Extracted from 'At the frontiers of Physics, a handbook of QCD, volume 2',

'...in the physical Bjorken $x$-space formulation, an equivalent definition of PDFs can be given in terms of matrix elements of bi-local operators on the lightcone. The distribution of quark 'a' in a parent 'X' (either hadron or another parton) is defined as $$f^a_A (\zeta, \mu) = \frac{1}{2} \int \frac{\text{d}y^-}{2\pi} e^{-i \zeta p^+ y^-} \langle A | \bar \psi_a(0, y^-, \mathbf 0) \gamma^+ U \psi_a(0) | A \rangle ,'$$ where $$U = \mathcal P \exp \left( -ig \int_0^{y^-} \text{d}z^- A_a^+(0,z^-, \mathbf 0) t_a \right)$$ is the Wilson line.

My questions are:

1) Where does this definition come from? I'd like to particularly understand in detail the content of the rhs (i.e the arguments of the spinors, why an integral over $y^-$ etc)

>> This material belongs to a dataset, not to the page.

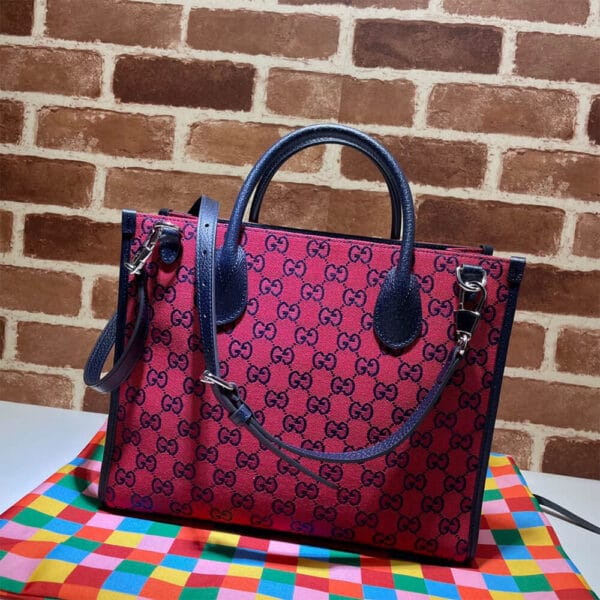 GG Multicolour small tote bag Pink - Image 4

2) The review also mentions that in the physical gauge $A^+=0, U$ becomes the identity operator in which case $f^a_A$ is manifestly the matrix element of the number operator for finding quark 'a' in A with plus momentum fraction $p_a^+ = \zeta p_A^+, p_a^T=0$. Why is $A^+=0$ the physical gauge?

Thanks for any help!

2. Oct 13, 2016

### MathematicalPhysicist

Which page in the book?

3. Oct 13, 2016

### CAF123

@MathematicalPhysicist I don't remember the exact page number (I left the book at my desk in the university) but I think it was in the chapter 19 on generalised parton distributions (P. 1037 approx).

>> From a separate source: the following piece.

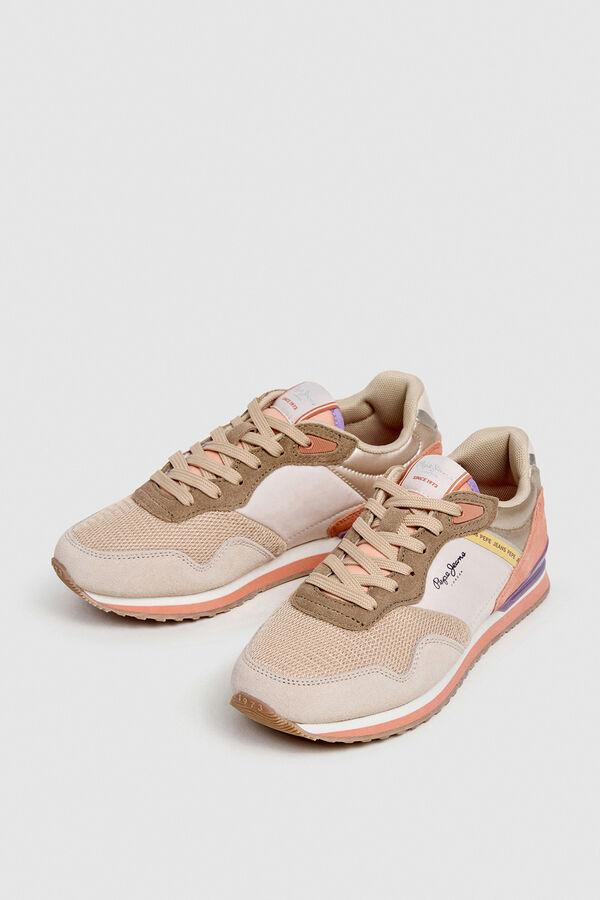 Pepe Jeans T&ecirc;nis London Sand W cinzento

Actually I see a derivation in Schwartz's book P.696-697 which seems quite helpful. In it he defines his lightcone expansion for any momenta as $$k^{\mu} = \frac{1}{2} (\bar n \cdot k) n^{\mu} + \frac{1}{2} (n \cdot k) \bar n^{\mu} + k_T^{\mu}$$ To make contact with the notation used in the 'Frontiers of particle physics' book, would $n^+ = \bar n, n^- = n$? (i.e the momenta in the plus n direction is the longitudinal momenta along the direction of motion). I also don't understand what the integration over $y^-$ represents and what the meaning of $\gamma^+$ means (from Schwartz, it might be that $\gamma^+ = \gamma^0$ but not sure on that)

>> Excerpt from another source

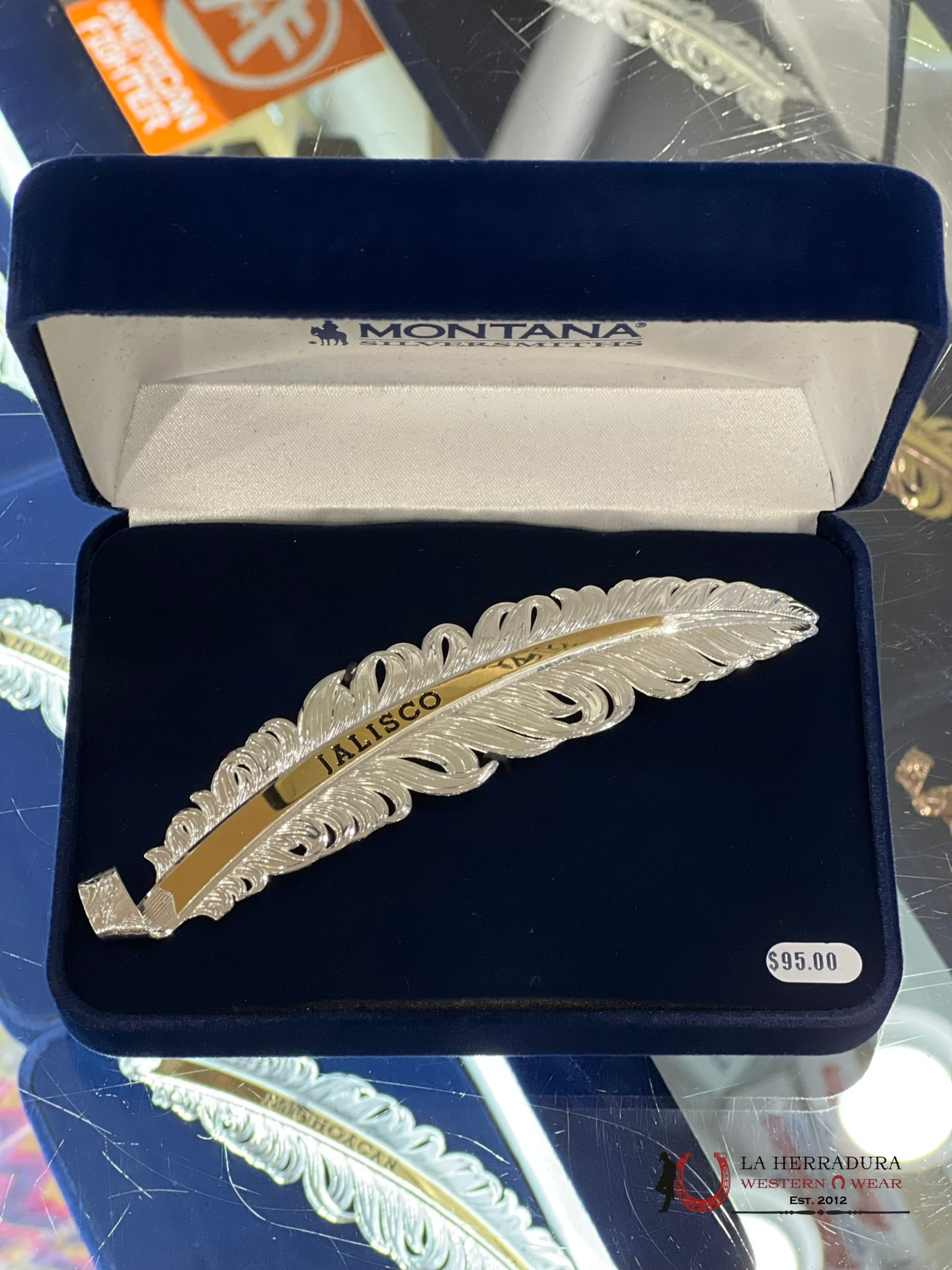 Montana Hat Feather Plata Jalisco Accesorios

Few follow up questions: I don't understand when Schwartz says 'a clean way to think about which momentum components are small at large Q is using lightcone coordinates' <- why is this true?
Also for small transverse momenta carried by the parton it follows that $\gamma^{\mu} \bar n_{\mu} \psi \approx 0$ <- why is that?